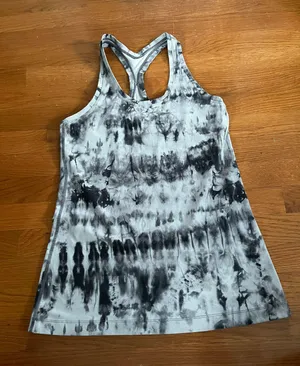 Lululemon Cool Racerback Tank Size 8 thumbnail 1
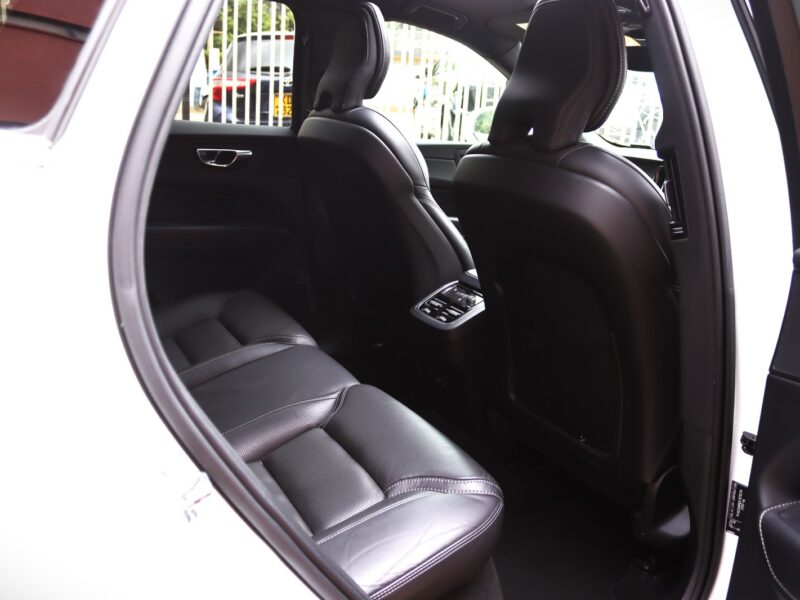 🚙 2020 VOLVO XC60 INSCRIPTION – 2000CC DIESEL TURBO • MASSAGE SEATS • SUNROOF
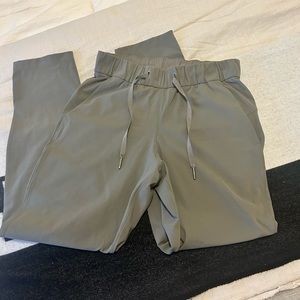 Lululemon pants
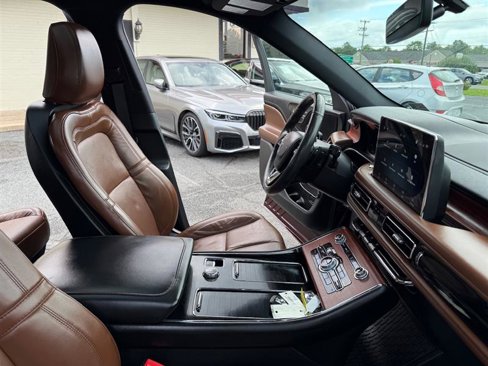 Used 2022 Lincoln Aviator Reserve w/ Equipment Group 201A image 14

• What the task requires
Repeat the full listing above exactly, with no pictures in the copy.

• Task result
 Lululemon Cool Racerback Tank Size 8 thumbnail 1
 🚙 2020 VOLVO XC60 INSCRIPTION – 2000CC DIESEL TURBO • MASSAGE SEATS • SUNROOF
 Lululemon pants
 Used 2022 Lincoln Aviator Reserve w/ Equipment Group 201A image 14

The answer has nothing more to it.